SAP Security Notes April 2017: Vulnerabilities Affecting SAP TREX
As with the second Tuesday of every month, today SAP released its monthly Security Notes. This month, SAP published 19 new Security Notes, as well as a summary of 28 different notes including ones published last patch Tuesday. For a second month in a row, there’s a ‘Hot News’ item relating to Remote Code Execution.
In addition to the most critical notes published this month, there are several types of vulnerabilities relating to Missing Authorization Checks, and Missing XML Validation vulnerabilities. Below, you can see a breakdown of this month’s security notes:
Per usual, let’s review the most critical notes in more detail so you have a thorough understanding of how to prioritize remediation to keep your SAP environment secure.
Hot News: Code Injection Vulnerability in TREX is Back!

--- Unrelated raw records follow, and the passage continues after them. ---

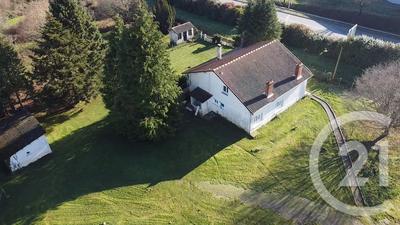 Maison - 98 m² - 4 pièces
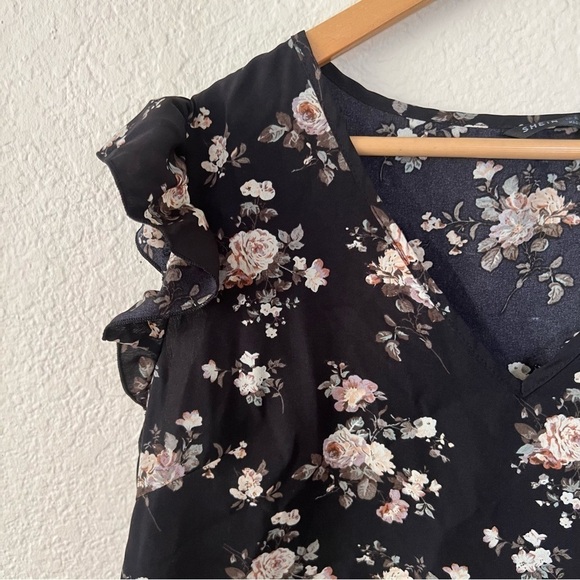 Floral ruffle sleeves top Size XL 12 - Picture 4 of 9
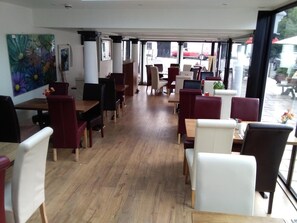 Restaurant - The pack o' cards (Ilfracombe)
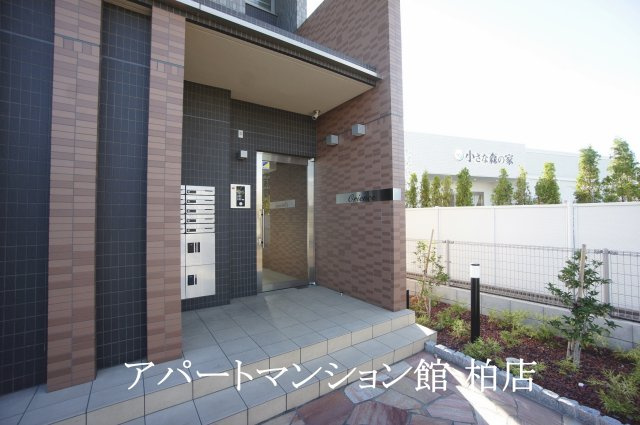 オリエンスのエントランス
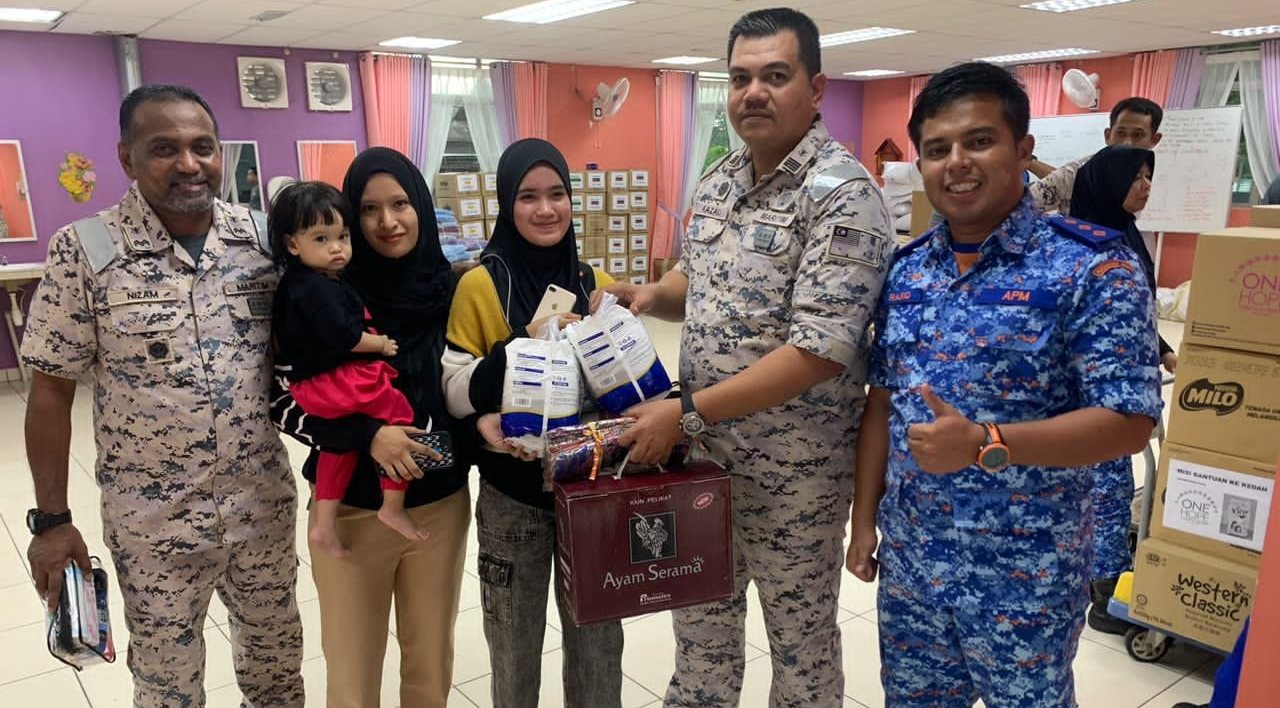 BANTUAN BANJIR PNG 6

There’s only one ‘Hot News’ item this month: SAP Note #2419592 titled “Code Injection vulnerability in TREX / BWA”. This note is part of a series of Security Notes released for TREX, which was originally started by a vulnerability reported by Onapsis in 2015. The TREX internal servers (nameserver, indexserver, preprocessor, and TREX web servers) communicate with each other using TREXNet. TREXNet is an internal communication protocol developed for TREX-internal communications. This protocol does not enforce any kind of authentication and it is required by TREX. Therefore, if it is exposed to malicious users, it may allow an attacker to remotely execute critical commands, not only for querying the system, but also for executing OS commands. As mentioned, the original vulnerability was fixed with SAP Note 2234226. Later, SAP released an update on the same vulnerability with SAP Note 2273881. This new SAP Note marks a third and very similar note released in this series to prevent remote command execution over TREX.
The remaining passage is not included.